Shrestha Dhan Bahadur, Sedhai Yub Raj, Budhathoki Pravash, Gaire Suman, Adhikari Anurag, Poudel Ayusha, Aryal Barun Babu, Yadullahi Mir Wasey Ali, Dahal Khagendra, Kashiouris Markos G
Department of Internal Medicine, Mount Sinai Hospital, Chicago, IL, USA.
Department of Internal Medicine, Division of Hospital Medicine, Virginia Commonwealth University, School of Medicine, Richmond, VA, USA.
Ann Med Surg (Lond). 2022 Jan 29;74:103327. doi: 10.1016/j.amsu.2022.103327. eCollection 2022 Feb.
The current guidelines recommend targeted temperature management (TTM) as part of the post-resuscitation care for comatose patients following out-of-hospital cardiac arrest. These recommendations are based on the weak evidence of benefit seen in the early clinical trials. Recent large multicentered trials have failed to show a meaningful clinical benefit of hypothermia, unlike the earlier studies. Thus, to fully appraise the available data, we sought to perform this systematic review and meta-analysis of randomized controlled trials.

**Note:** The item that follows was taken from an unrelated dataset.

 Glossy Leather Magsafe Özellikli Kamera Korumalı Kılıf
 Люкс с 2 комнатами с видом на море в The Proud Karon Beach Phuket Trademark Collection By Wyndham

We searched four databases for randomized controlled trials comparing therapeutic hypothermia (32-34 °C) with normothermia (≥36 °C with control of fever) in adult patients resuscitated after out-of-hospital cardiac arrest. Independent reviewers did the title and abstract screening, full-text screening, and extraction. The primary outcome was mortality six months after cardiac arrest, and secondary outcomes were neurological outcomes and adverse effects.

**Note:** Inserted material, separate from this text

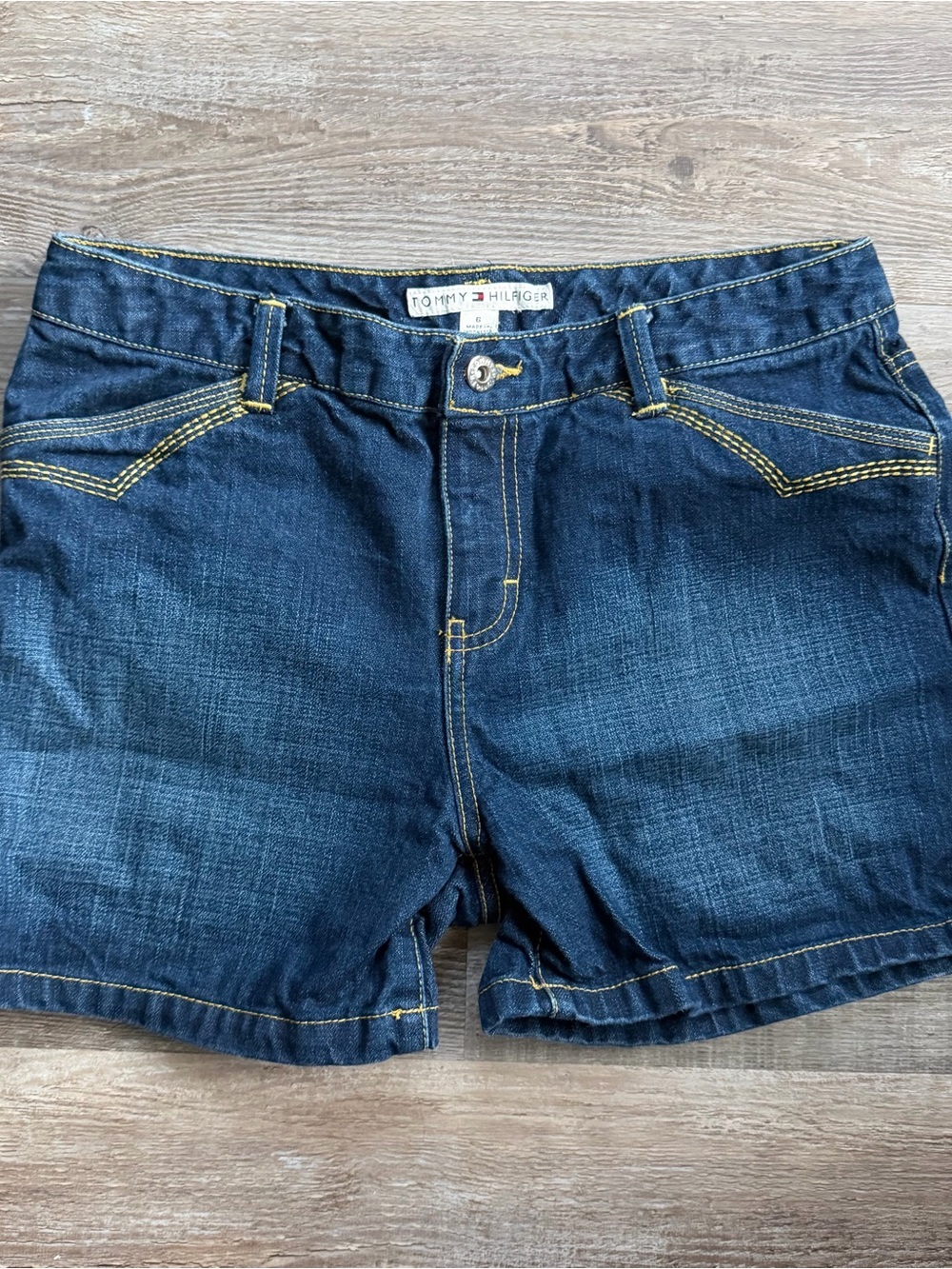Vintage Tommy Hilfiger Y2K Denim Shorts Size 6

Six randomized controlled trials were included in this review. There was no significant difference between the hypothermia and normothermia groups in mortality till 6 months follow up after out-of-hospital cardiac arrest (OR 0.88, 95% CI 0.67-1.16; n = 3243; I = 51%), or favorable neurological outcome (OR 1.31, 95% CI 0.93-1.84; n = 3091; I = 68%). Rates of arrhythmias were notably higher in the hypothermia group than the normothermia group (OR 1.43, 95% CI 1.20-1.71; n = 3029; I = 4%). However, odds for development of pneumonia showed no significant differences across two groups (OR 1.13, 95% CI 0.98-1.31; n = 3056; I = 22%). Therefore, targeted hypothermia with a target temperature of 32-34 °C does not provide mortality benefit or better neurological outcome in patients resuscitated after the out-of-hospital cardiac arrest when compared with normothermia.
当前指南推荐将目标温度管理(TTM)作为院外心脏骤停后昏迷患者复苏后护理的一部分。这些建议基于早期临床试验中所见益处的薄弱证据。与早期研究不同,近期大型多中心试验未能显示低温有显著的临床益处。因此,为全面评估现有数据,我们试图对随机对照试验进行这项系统评价和荟萃分析。
我们在四个数据库中检索了比较治疗性低温(32 - 34°C)与正常体温(≥36°C并控制发热)在院外心脏骤停后复苏的成年患者中的随机对照试验。独立评审员进行标题和摘要筛选、全文筛选及数据提取。主要结局是心脏骤停后六个月的死亡率,次要结局是神经学结局和不良反应。
本评价纳入了六项随机对照试验。在院外心脏骤停后直至6个月随访时,低温组和正常体温组在死亡率方面无显著差异(比值比0.88,95%置信区间0.67 - 1.16;n = 3243;I² = 51%),在良好神经学结局方面也无显著差异(比值比1.31,95%置信区间0.93 - 1.84;n = 3091;I² = 68%)。低温组心律失常发生率显著高于正常体温组(比值比1.43,95%置信区间1.20 - 1.71;n = 3029;I² = 4%)。然而,两组间肺炎发生几率无显著差异(比值比1.13,95%置信区间0.98 - 1.31;n = 3056;I² = 22%)。因此,与正常体温相比,目标温度为32 - 34°C的目标性低温对院外心脏骤停后复苏的患者并无死亡率益处或更好的神经学结局。